I know this has probably been talked about a million times before but can someone please explain to me in very simple words how I can best make use of the fact we're taking a very train-heavy trip to the northeast over Christmas? We already have an AGR account but it's been mostly dormant. Is it as simple as just giving the agent my AGR number when we book the trip? Should each of us (me, husband, teen) have our own AGR number? Is there anything I should be doing to maximize points?

Thanks. I'll continue to use the search feature but any help is appreciated.


----------



## Trogdor (Aug 29, 2010)

Disneymom2hann said:


> Is it as simple as just giving the agent my AGR number when we book the trip?


Yes.


> Should each of us (me, husband, teen) have our own AGR number?


Yes.


> Is there anything I should be doing to maximize points?


It really depends on how much Amtrak travel you plan to do. Some folks have the Amtrak Guest Rewards credit card and use that for most of their purchases.

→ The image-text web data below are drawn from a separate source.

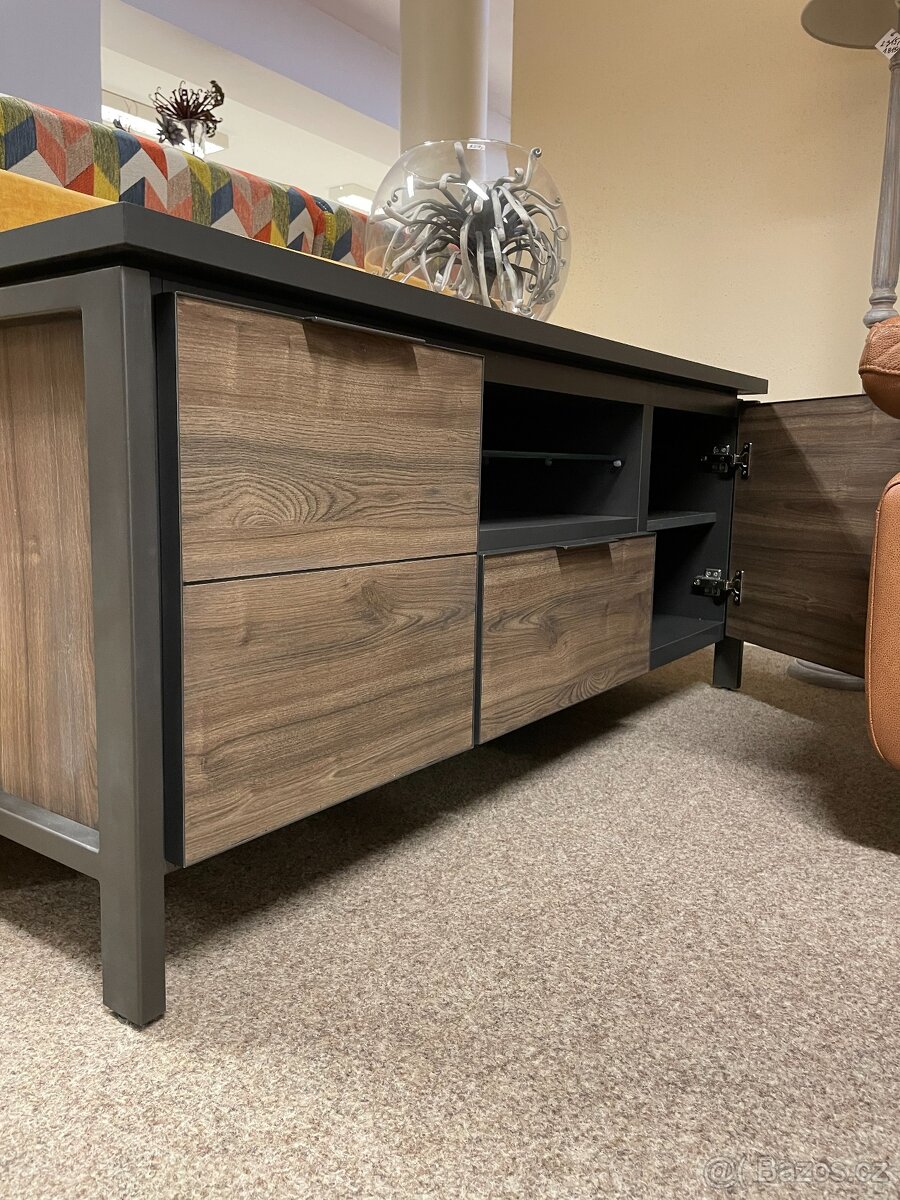 TV stolek Madeira – moderní design s LED podsvícením - 6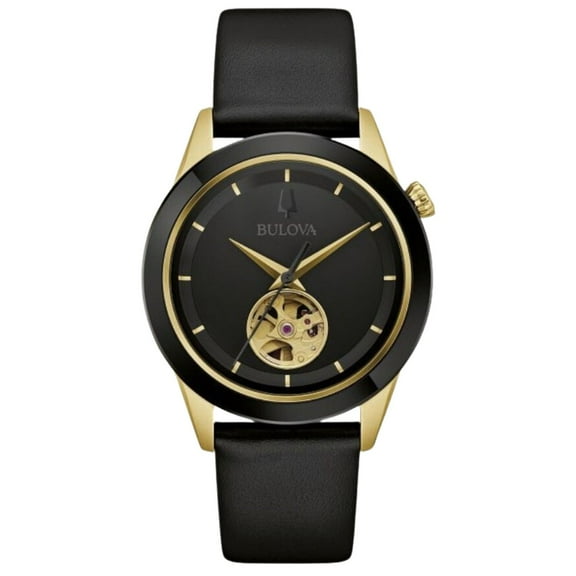 Bulova Men's Apollo Black Dial Watch - 98A327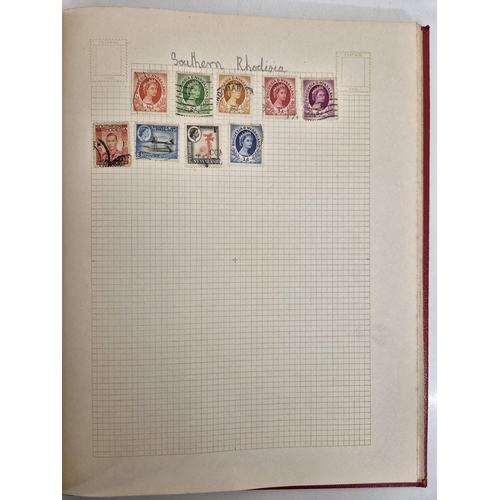 4812 - A vintage stamp collection. To include six partially filled albums & a selection of loose worldwide ... 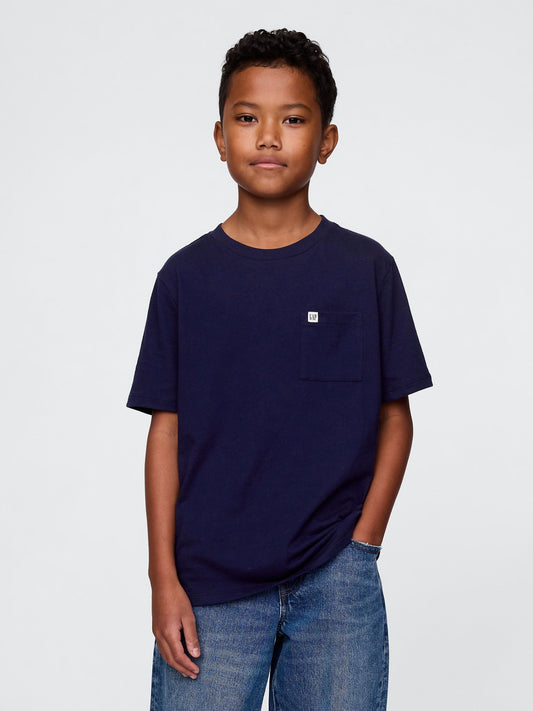 Lacivert Gap Logo Cepli T-Shirt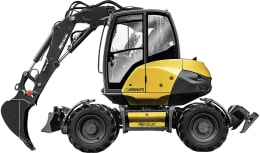 Produktbild: MECALAC Mobilbagger 9MWR Hubkraft 3.000 kg, Leistung 55,4 kW (75 PS) bei 2.300 min⁻¹, 0 – 20 km/h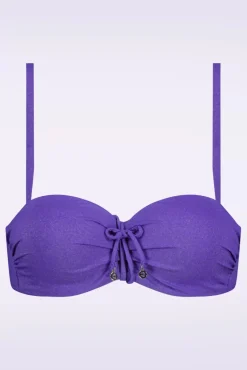 New Evening Glam Padded Bikini Top In Paars Vrouwen Bikini's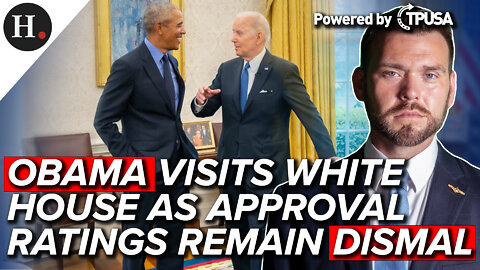APR 06 2022 - PRESIDENT BIDEN BRINGS OBAMA BACK TO WHITE HOUSE AS APPROVAL RATINGS REMAIN DISMAL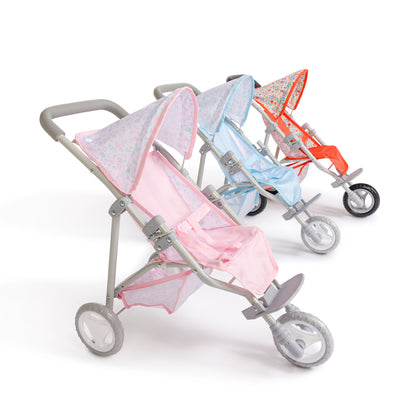 JC Toys - Berenguer Boutique Playtime | Deluxe Folding Jogger | Nature Collection | for Dolls up to 20" | Ages 3+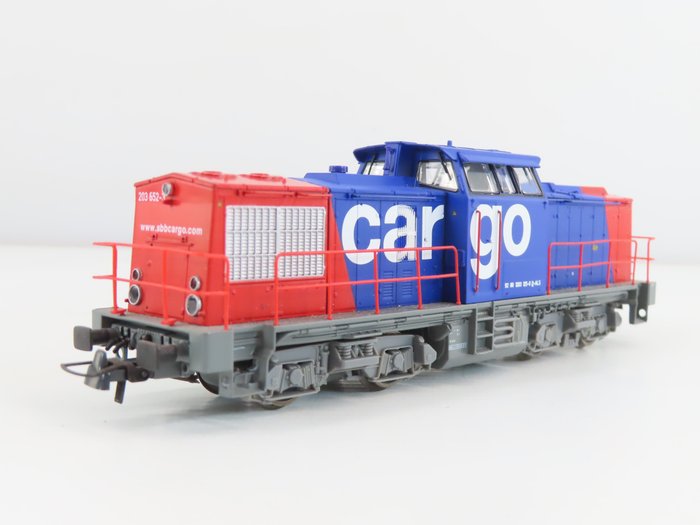 Roco H0轨 - uit set 41337 - 柴油液压机车 (1) - BR 203 - SBB Cargo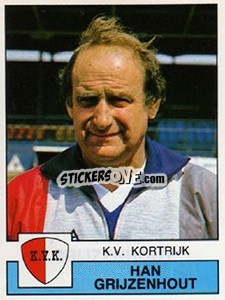 Sticker Han Grijzenhout - Football Belgium 1987-1988 n. 168 - Panini
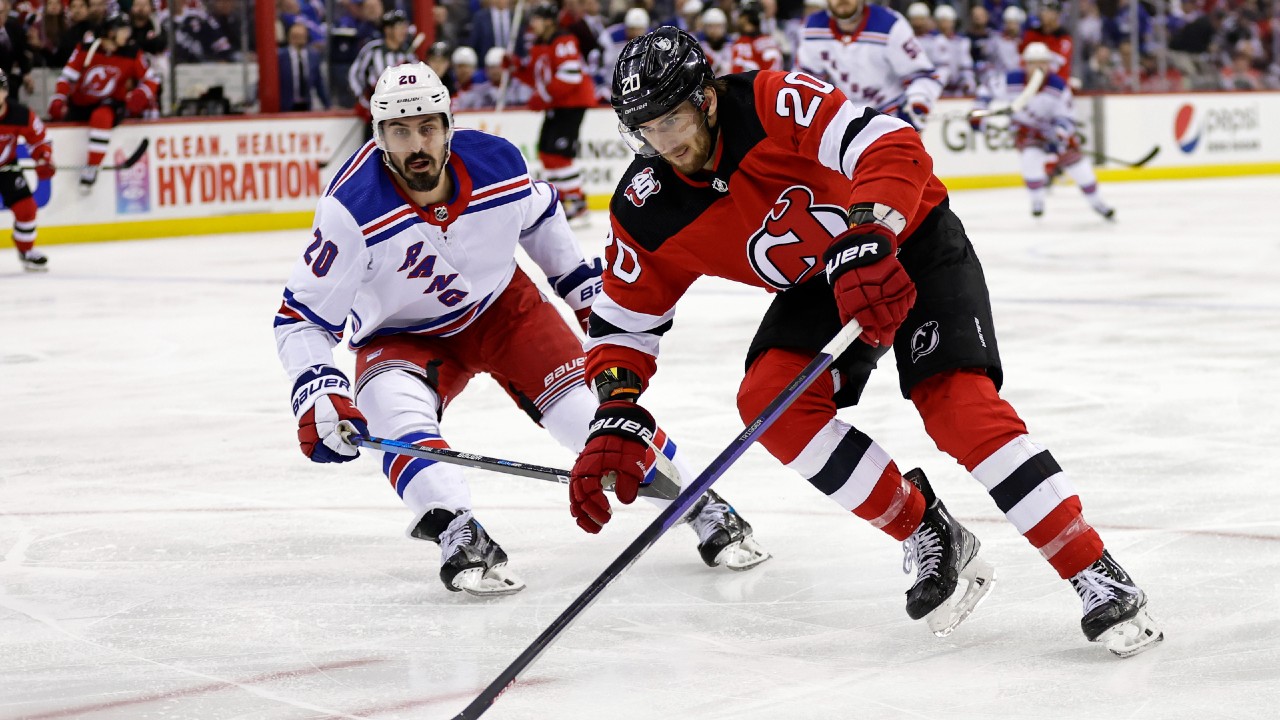 Schmid, Devils blank Rangers in Game 7, advance past rivals - ESPN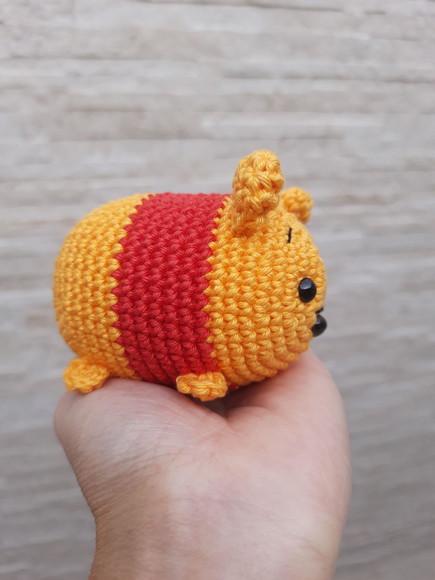 Ursinho Pooh em Amigurumi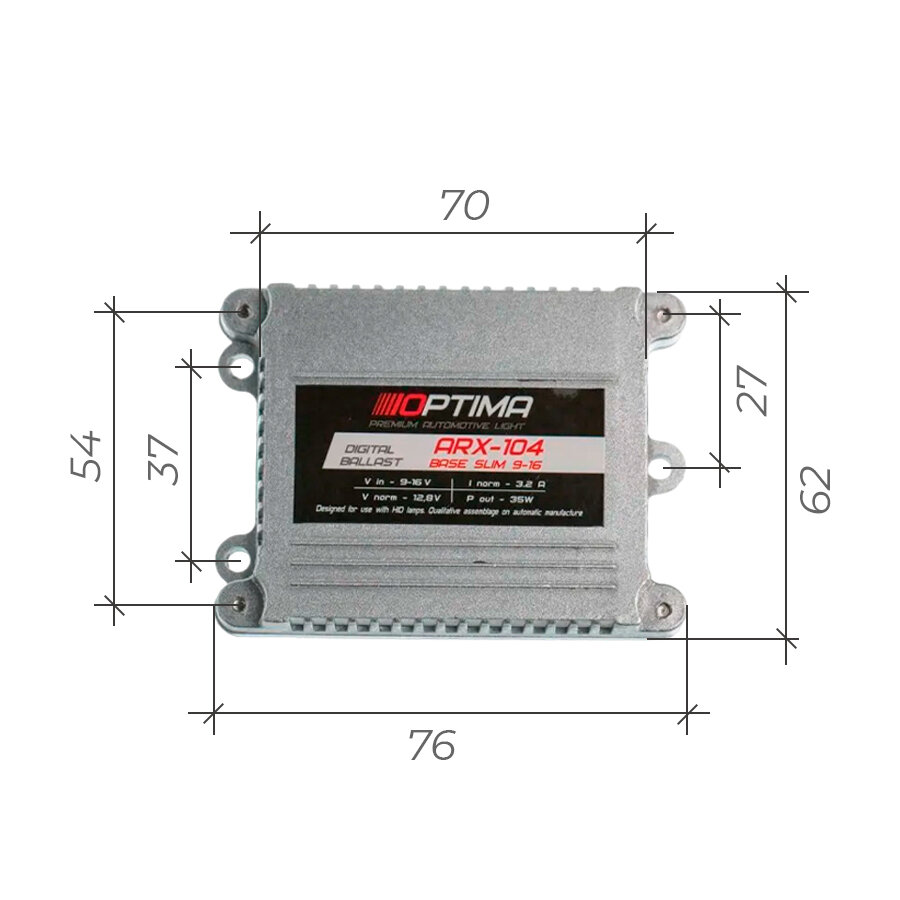 Блок розжига Optima ARX-104-12 KET2 для Kia Optima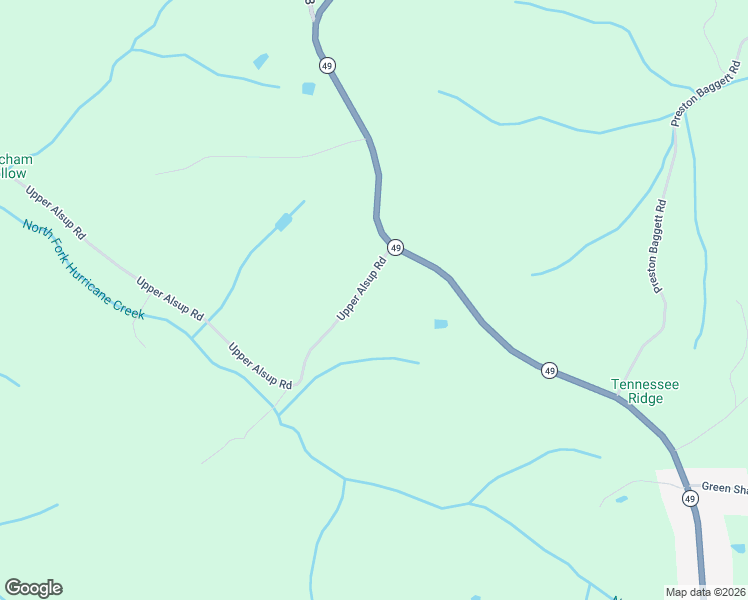 map of restaurants, bars, coffee shops, grocery stores, and more near 104 Upper Alsup Road in Tennessee Ridge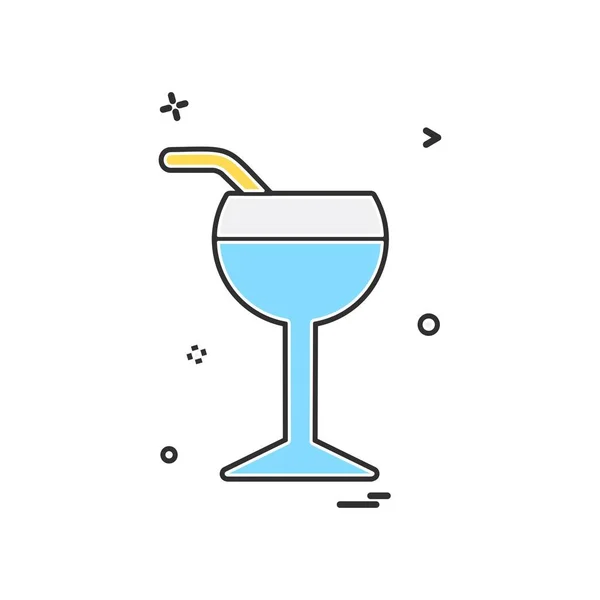 Drink Icon Design Bunte Vektorillustration — Stockvektor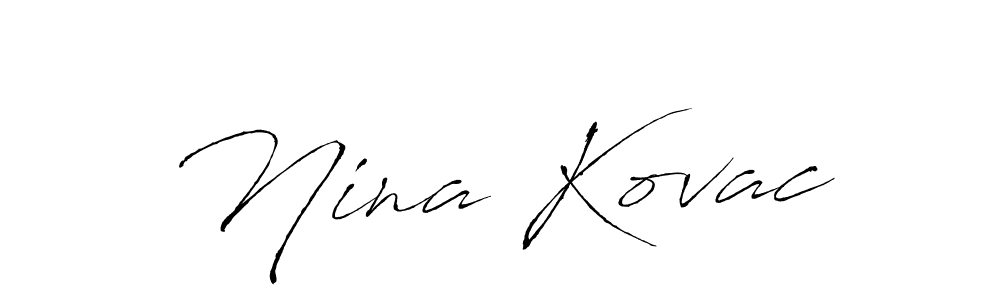 See photos of Nina Kovac official signature by Spectra . Check more albums & portfolios. Read reviews & check more about Antro_Vectra font. Nina Kovac signature style 6 images and pictures png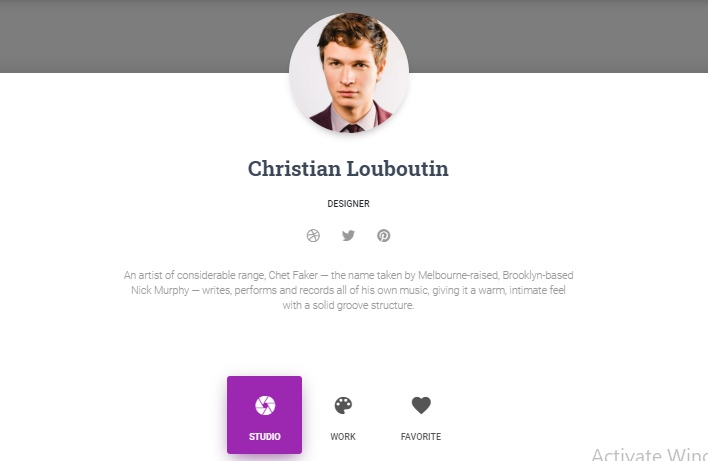Bootstrap Profile Page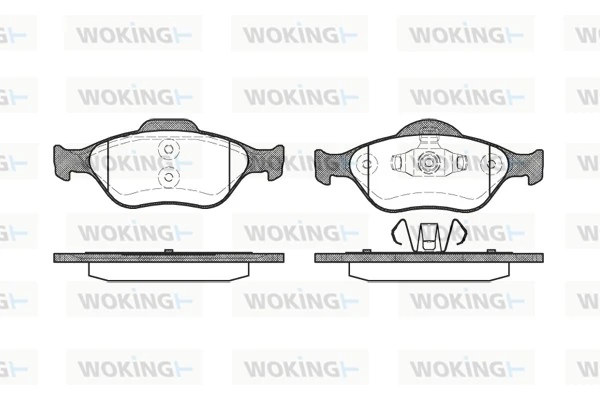 WOKING fékbetétkészlet, tárcsafék - P6663.00 - TothCarparts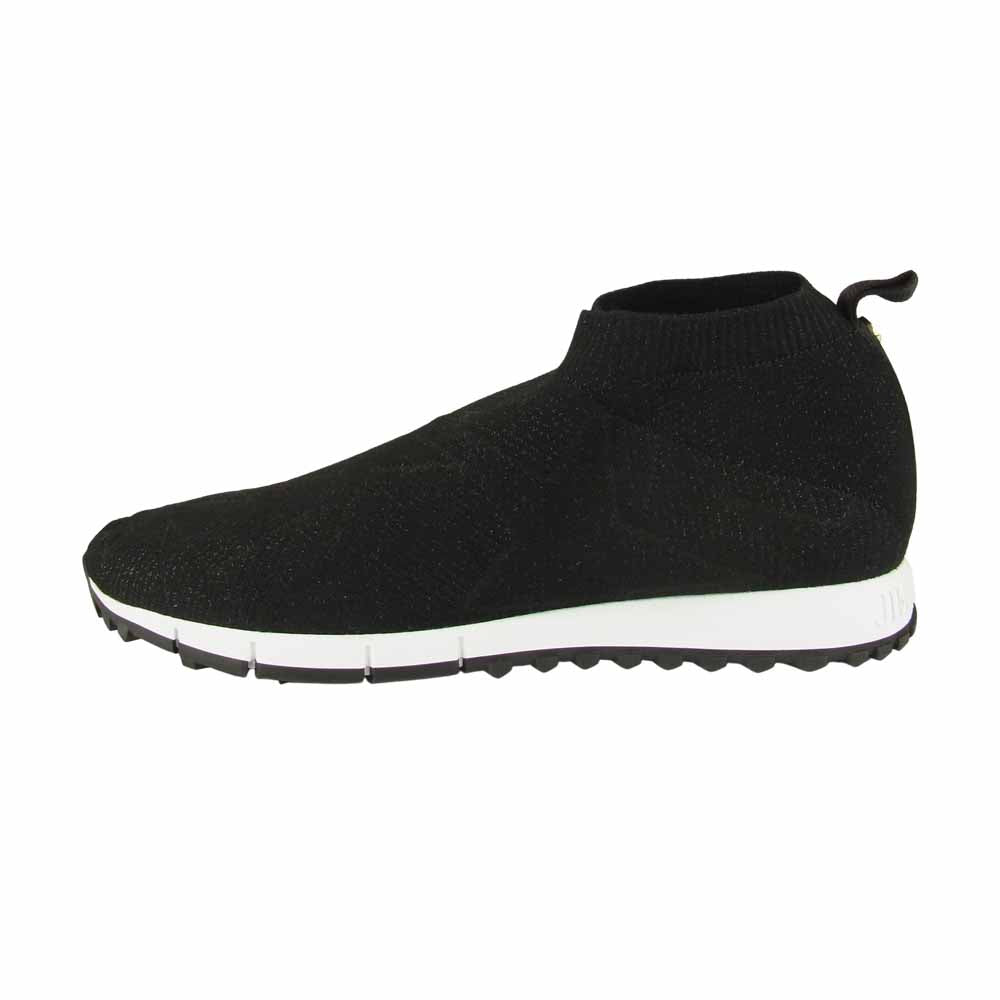 JIMMY CHOO ジミーチュウ NORWAY M ニット ソックス スニーカー ブラック系 43【極上美品】【中古】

Others go through the points for shopping links on the AGR website (the "AGR Mall" is temporarily closed, but should be back open in a couple of months).

On the other hand, if you've had an account that's been dormant for a while, and you figure it will remain so, it may not really be worth the effort to accumulate AGR points as opposed to some other type of reward system where you may get more benefit from it.


----------



## Guest (Aug 29, 2010)

The best way to maximize points is to fly Star Alliance airlines and credit them to Continental Onepass and later transfer to AGR. Taking the train is not a good way to earn points unless you have double or triple point promotions while taking advantage of 100 point minimum or 500/750 point Acela rules.


----------



## amtrakwolverine (Aug 29, 2010)

Guest said:


> The best way to maximize points is to fly Star Alliance airlines and credit them to Continental Onepass and later transfer to AGR. Taking the train is not a good way to earn points unless you have double or triple point promotions while taking advantage of 100 point minimum or 500/750 point Acela rules.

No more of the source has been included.